It’s an arresting admission that strips away the glossy mythology around entrepreneurship. Before he founded Supergreen, a salad-and-grain bowl brand with 13 outlets across Singapore, Shao was a franchisee who lost everything within a year.

That failure, he says, taught him the one lesson he carries into every business decision now: franchising doesn’t make things easier. It just makes them faster — for better or worse.

Supergreen operates on a hybrid model: six corporate-owned outlets and seven franchised ones, with more opening soon. The brand’s proposition is simple — healthy food that feels accessible, is priced fairly, and is served fast. But its philosophy is built on something more challenging to replicate: partnership. “We aim to help franchisees be profitable and not squeeze them for our own profitability,” Lee says. “We are building the brand together as partners.”

His tone is calm but decisive, a man who’s made peace with the grind. “We do not just sell the success story but also emphasise the importance of hard work,” he adds. “Franchisees need to understand that franchising an F&B brand is not a passive side hustle.” That clarity — born from loss, refined through experience — has shaped Supergreen’s ethos. 

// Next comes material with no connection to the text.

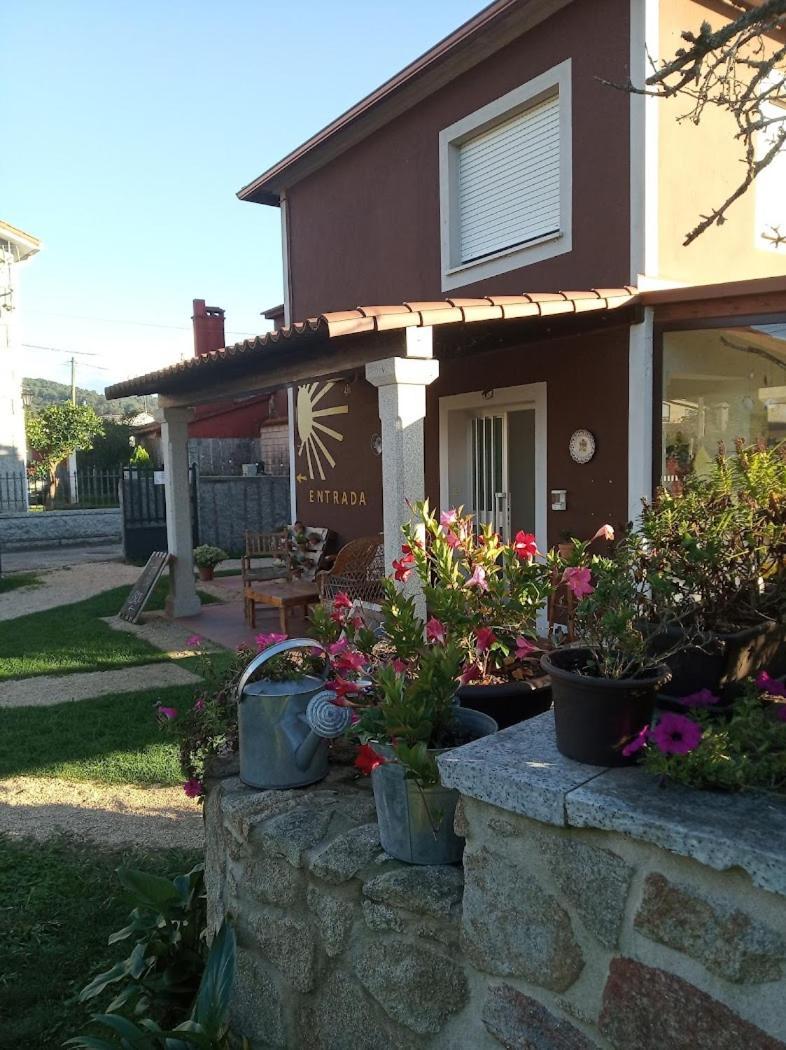 Albergue Vintecatro Caldas de Reis Kültér fotó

Transparency is not a virtue here; it’s policy. Every potential franchisee hears the same warning: this will be hard.

The second act

That insistence on honesty, he believes, is what keeps the brand’s soul intact as it grows. “The relationship between the franchisor and franchisee is key,” he says. “Franchisees who understand the work needed will also be the ones who stay aligned.” Each new outlet undergoes constant audits and check-ins, but the goal isn’t control — it’s coherence. “With great support from us, franchisees are more likely to follow our guidelines and SOPs. They treat the brand like their own.”

The conviction comes from having lived the opposite. His first franchise — a local coffee chain — collapsed under weak guidance and unrealistic expectations. “At that time, I felt that the support from the franchisor was not enough,” he says.

“We were not profitable, and we were trying all sorts of ways to help with the business. It lasted one year before I cut my losses.” He shrugs lightly, but the memory lingers. “It was through that episode I understood that franchising is a double-edged sword.”

supergreen
Photo: Isabelle Seah/SPH Media

Running Supergreen, then, became a way to do it right. “I believe the franchise model is a way to grow the business sustainably — faster, with less,” he says. “What we want to achieve is to leverage the capital, time, and effort of the franchisee. With that, we provide the know-how, the training, the R&D, the marketing, and the brand equity.”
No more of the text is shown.